Flavonoids are one of the main groups of plant phenolic antioxidants and have high chelating properties [33]. They are widely found in leaves and flowers of plants and also abundantly found in foods and beverages made from plants [34]. Taxifolin (3,5,7,3,4-pentahydroxy flavanone or dihydroquercetin) is a flavanolol, which is a subclass of flavonoids, and it is mainly found in citrus fruits, onions, olive oil, etc. [35]. Topal et al. showed that taxifolin had significant antioxidant, radical scavenging, and chelating activity. They suggested that it can be used in the food and pharmaceutical industry to decrease the formation of toxic oxidation products [36]. Kara and colleagues showed that taxifolin has protective effects that reduce cisplatin-induced oxidative renal injury [37].
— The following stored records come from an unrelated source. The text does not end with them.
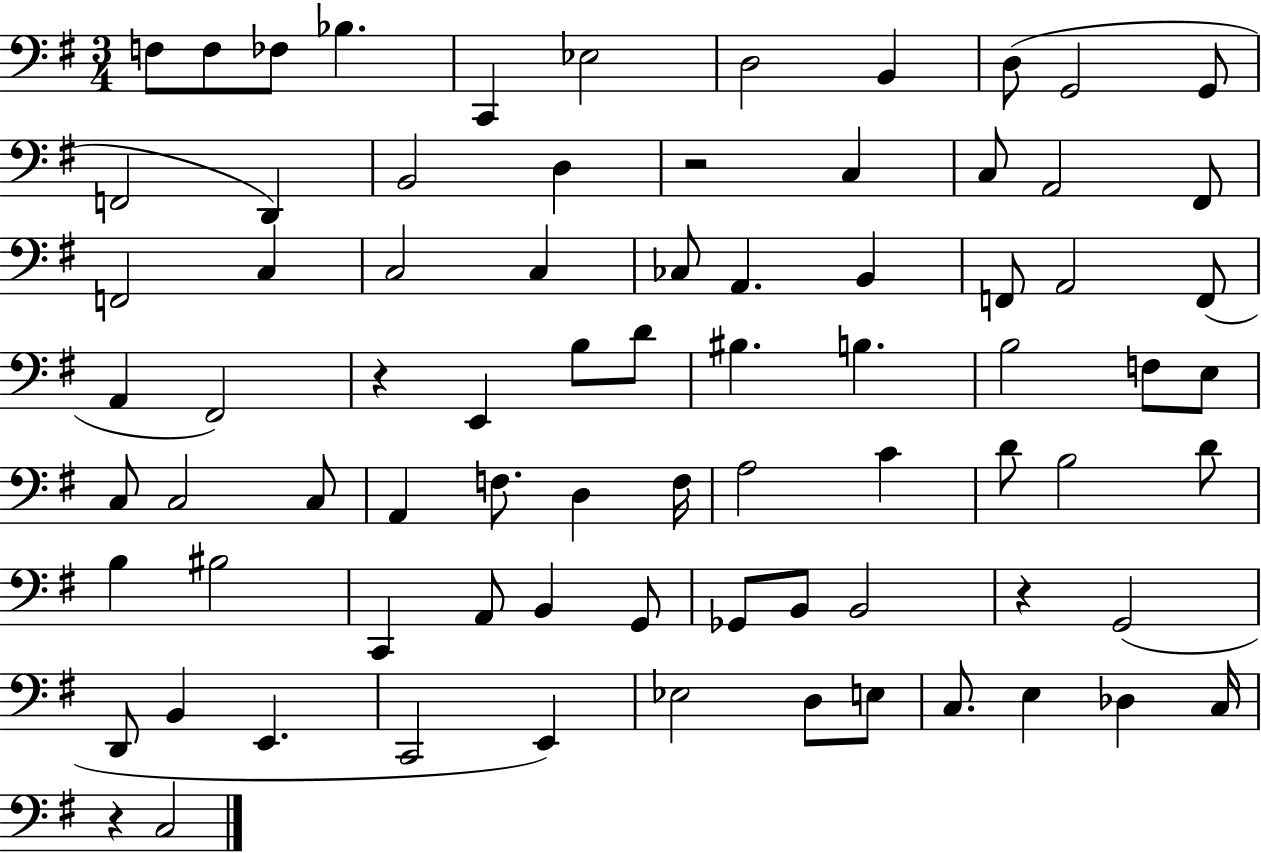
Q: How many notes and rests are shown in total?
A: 78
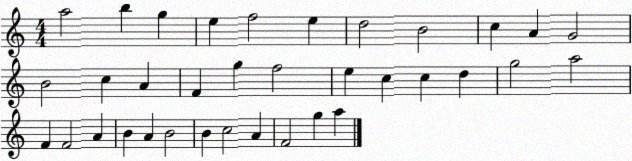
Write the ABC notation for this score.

X:1
T:Untitled
M:4/4
L:1/4
K:C
a2 b g e f2 e d2 B2 c A G2 B2 c A F g f2 e c c d g2 a2 F F2 A B A B2 B c2 A F2 g a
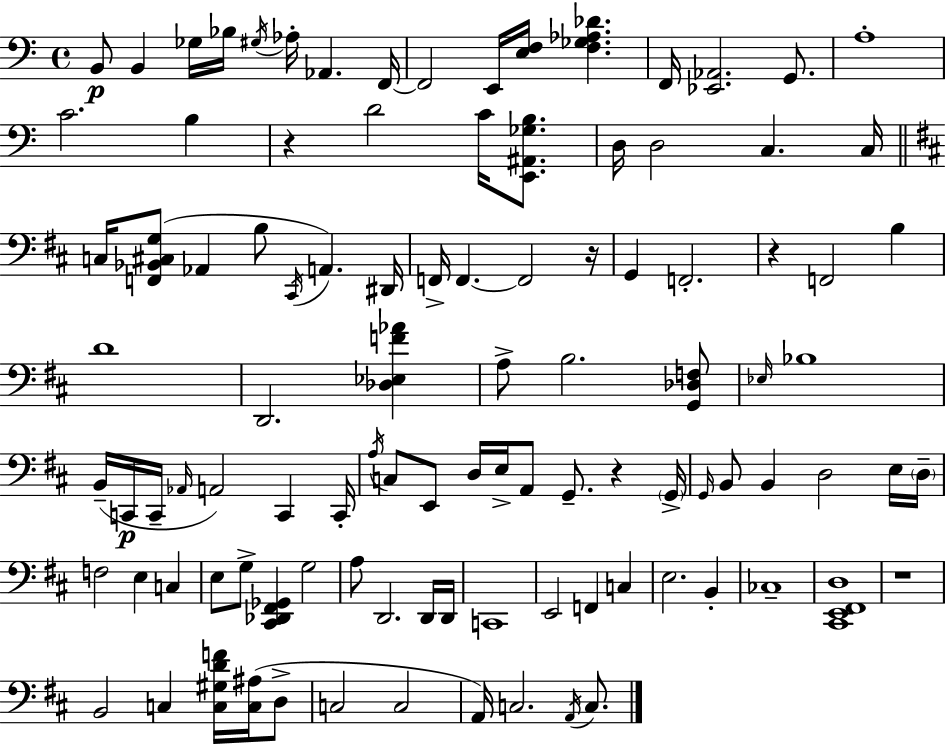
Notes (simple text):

B2/e B2/q Gb3/s Bb3/s G#3/s Ab3/s Ab2/q. F2/s F2/h E2/s [E3,F3]/s [F3,Gb3,Ab3,Db4]/q. F2/s [Eb2,Ab2]/h. G2/e. A3/w C4/h. B3/q R/q D4/h C4/s [E2,A#2,Gb3,B3]/e. D3/s D3/h C3/q. C3/s C3/s [F2,Bb2,C#3,G3]/e Ab2/q B3/e C#2/s A2/q. D#2/s F2/s F2/q. F2/h R/s G2/q F2/h. R/q F2/h B3/q D4/w D2/h. [Db3,Eb3,F4,Ab4]/q A3/e B3/h. [G2,Db3,F3]/e Eb3/s Bb3/w B2/s C2/s C2/s Ab2/s A2/h C2/q C2/s A3/s C3/e E2/e D3/s E3/s A2/e G2/e. R/q G2/s G2/s B2/e B2/q D3/h E3/s D3/s F3/h E3/q C3/q E3/e G3/e [C#2,Db2,F#2,Gb2]/q G3/h A3/e D2/h. D2/s D2/s C2/w E2/h F2/q C3/q E3/h. B2/q CES3/w [C#2,E2,F#2,D3]/w R/w B2/h C3/q [C3,G#3,D4,F4]/s [C3,A#3]/s D3/e C3/h C3/h A2/s C3/h. A2/s C3/e.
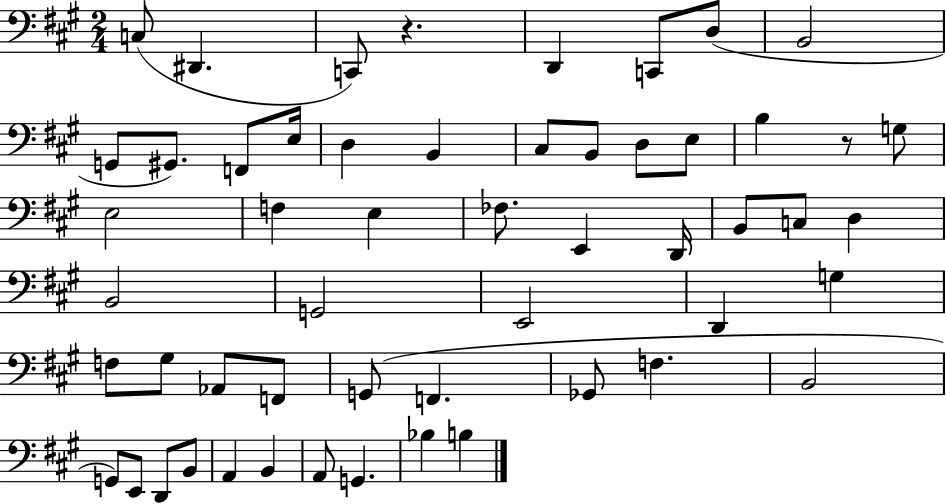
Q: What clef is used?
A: bass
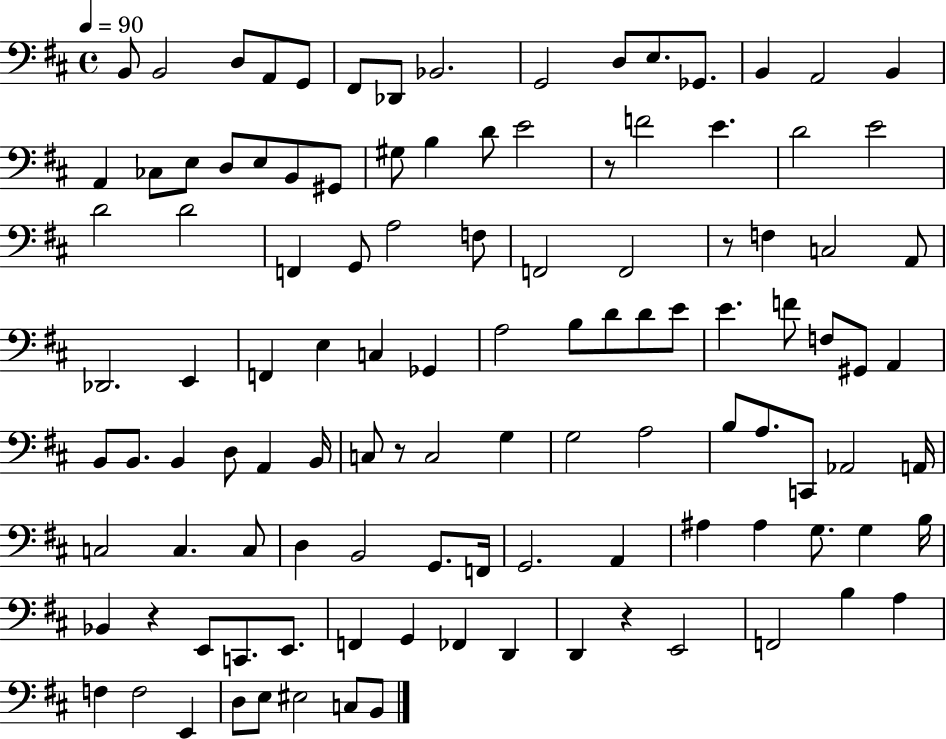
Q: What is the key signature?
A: D major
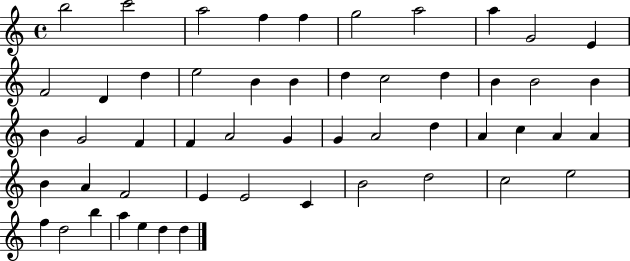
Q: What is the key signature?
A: C major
In this study, we investigated the protective effect of taxifolin on pazopanib-induced liver toxicity in rats. Our biochemical results indicate that pazopanib increased the levels of MDA and TOS, which are oxidant parameters, and decreased the levels of tGSH and TAS, which are antioxidant parameters, in liver tissues of rats. Similarly, serum AST, ALT, and LDH levels were significantly higher in the PP group as compared with the TPP group. Pazopanib caused hemorrhage, hydropic degeneration, and necrosis in rat liver tissues. Histopathological examinations revealed reduced pazopanib-induced liver damage in the TPP group. We observed that taxifolin at a dose of 50 mg/kg has histopathological and biochemical protective effects against pazopanib-induced oxidative liver toxicity. Our results showed that pazopanib changed the oxidant-antioxidant balance in favor of oxidants in the liver tissue of rats and subsequently caused liver tissue damage and increased serum AST, ALT, and LDH levels. These biochemical results of this study were fully consistent with the histopathological results. Taxifolin inhibited the oxidant effects of pazopanib.

Conclusıon

In conclusion, we have demonstrated fort he first time in the literature that taxifolin can prevent pazopanib-induced liver toxicity in rat models. The promising results of this study indicate that further studies are needed to test this agent in other animal models and in humans.